Keep reading and we’ll show you how.
Put a Contingency in Your Purchase Contract
If you truly are going to buy and sell at the same time, you’ll have to protect yourself. If you can’t afford or get approved for a mortgage when you still have a mortgage, you have to sell your home. If you don’t sell it, your financing will fall through. Without a contingency in your contract stating that you have to sell your home for the contract to go through, you stand to lose your earnest money and the home you wanted to purchase.
Your lawyer can easily help you put the right wording into the contract that allows you the time to sell your home first. If you don’t sell it by the date stated in the contract, you can get your earnest money back and the seller can put the house you were going to buy back on the market. It’s not the ideal situation, but at least you are protected financially.
Use a Qualified Appraiser
You need an appraiser that will be honest with you about the value of your current home. Today it doesn’t pay to price it high and then negotiate down. This strategy worked in the past, but in today’s information age where everything is available on the internet, buyers know exactly what they want to pay for a home and they know when you are trying to use this strategy.
Don’t waste your time. Instead, hire a qualified appraiser and let him tell you the true value of the home. He can also tell you what is wrong with the home that might be an issue for the buyer’s mortgage company. This could give you time to fix the home up, maximizing your profits. Typically, the fairer your price and the better condition the home is in, the faster it will sell.
Have a Backup Plan
No matter how well you plan, your best-laid efforts might not work out. Even if it looks like you will be able to buy and sell your home at the same time, something could go wrong. So you need to plan for the worst. The worst could look like any of the following:
- You sell your home first – If you sell your home without having a new home to buy just yet, you’ll need a temporary place to live. Figure this out early in the process when you are least stressed. This way you have that to fall back on should something happen.

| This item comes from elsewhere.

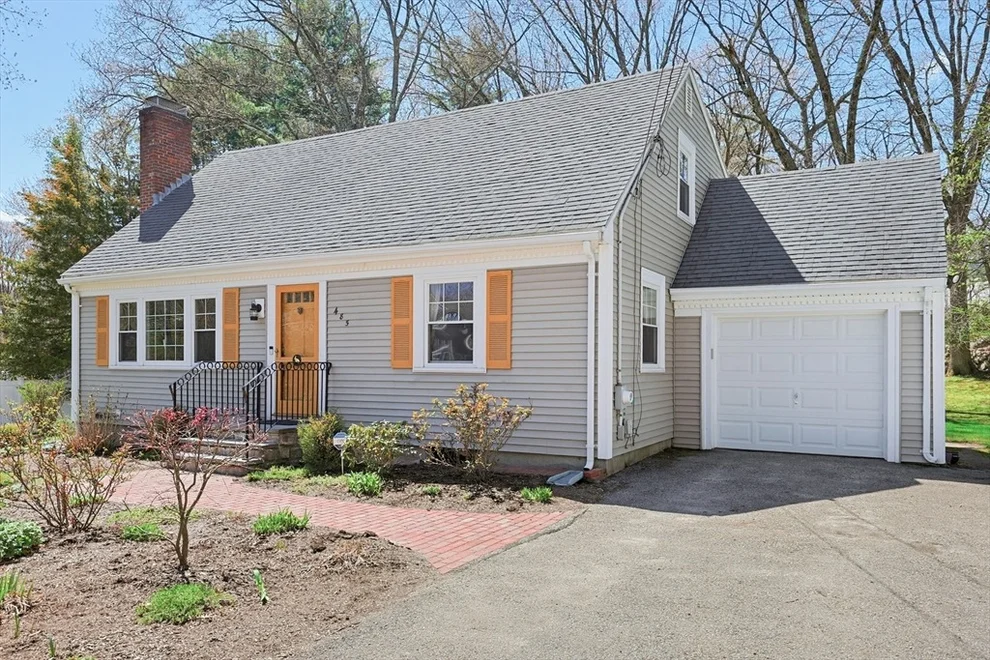 Unit for sale at 485 Central St., Holliston, MA 01746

- Your home purchase goes through first – If your new home is ready to close on, but your home sale isn’t, you need to make sure you can afford both mortgages. Hopefully it’s only temporary, but you need to plan for the worst. Do you qualify with both mortgages? Can you handle paying both mortgages?
- You are short the down payment with the home purchase closing first – If you relied on the down payment money to come from the sale of your home and it hasn’t sold, you could be in a bind. You can consider a bridge loan. This temporary financing helps bridge the gap between when you buy your new home and sell your current home. Again, this is something you should plan for so if it comes down to it, you have the financing ready.
We know that in a perfect world, you would close on your new home and current home at the same time. Because there are so many parties involved, though, this is rarely the case. Rather than leaving it to chance, make sure you have all of your ducks in a row. In other words, make sure you have a backup plan to take place just in case your perfect scenario doesn’t work out. The more prepared you are, the easier buying and selling a home will be.